• **Work required**
The result should be an exact copy of only the lines from the one holding "Couverture Polaire marmotte" through the last line of the data below, please, without pictures.

• **Data records**
____________
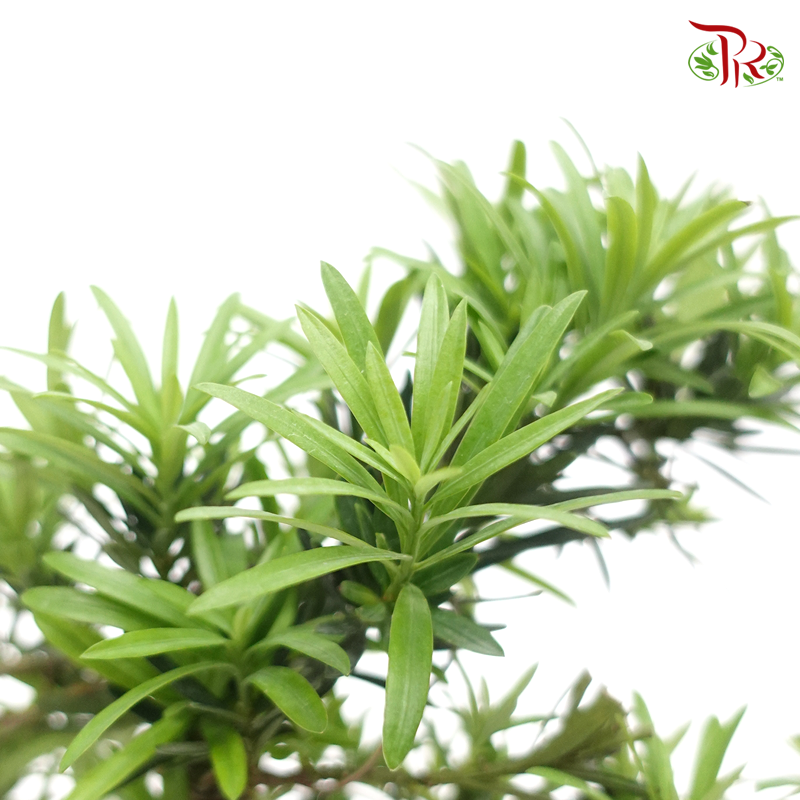 Podocarpus S  《罗汉松》 - Pudu Ria Florist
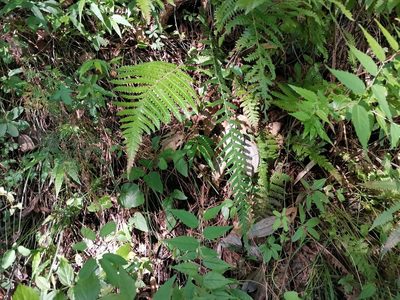 Phegopteris decursive-pinnata, photographed by harum.koh
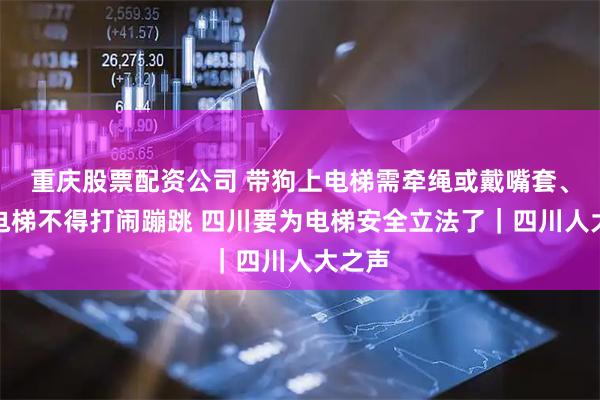 重庆股票配资公司 带狗上电梯需牵绳或戴嘴套、乘坐电梯不得打闹蹦跳 四川要为电梯安全立法了｜四川人大之声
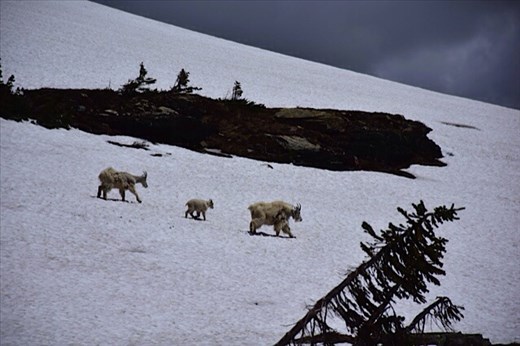 Mountain goats, Glacier National Park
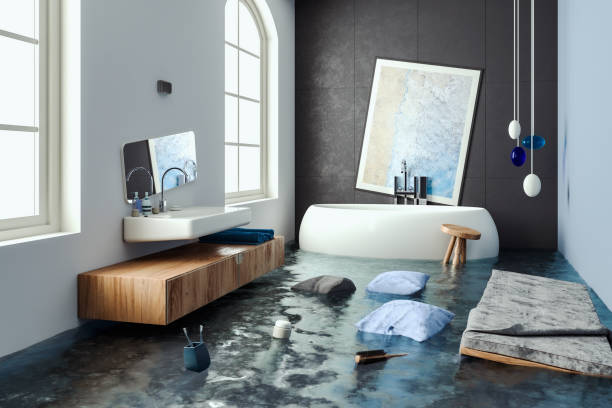Best Ceiling water damage repair  in Dawsonville, GA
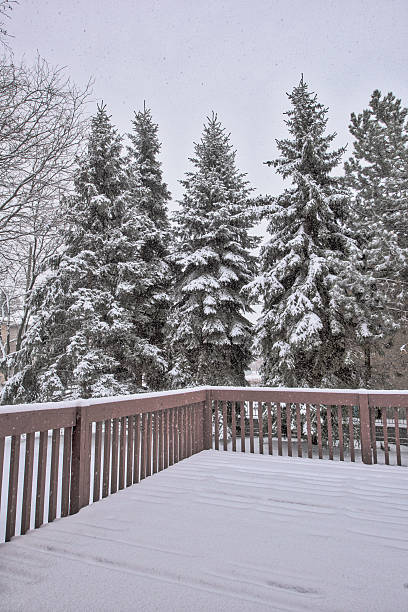 istock Day of snow in Toronto 510466612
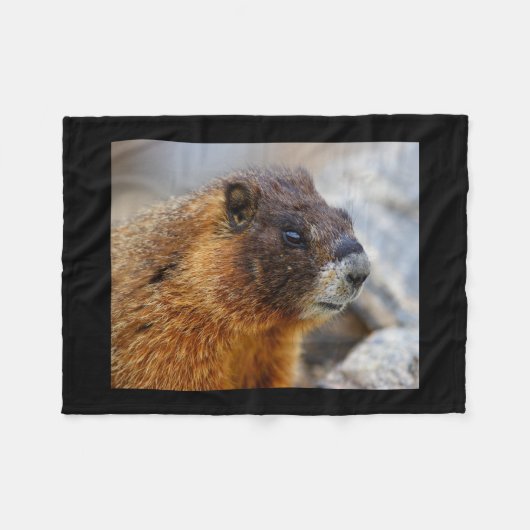 Couverture Polaire marmotte (Devant (Horizontal))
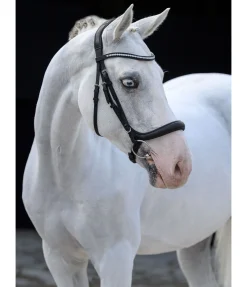 Best Bridon sans noseband Vienna Soft Muserolle Française & Combinée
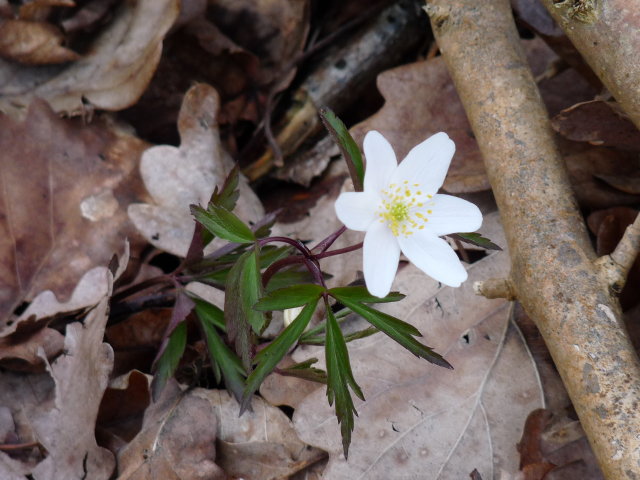 Anémone sylvie - Anemone nemorosa (2)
____________
• **Completed exercise**
 Couverture Polaire marmotte (Devant (Horizontal))
 Best Bridon sans noseband Vienna Soft Muserolle Française & Combinée
 Anémone sylvie - Anemone nemorosa (2)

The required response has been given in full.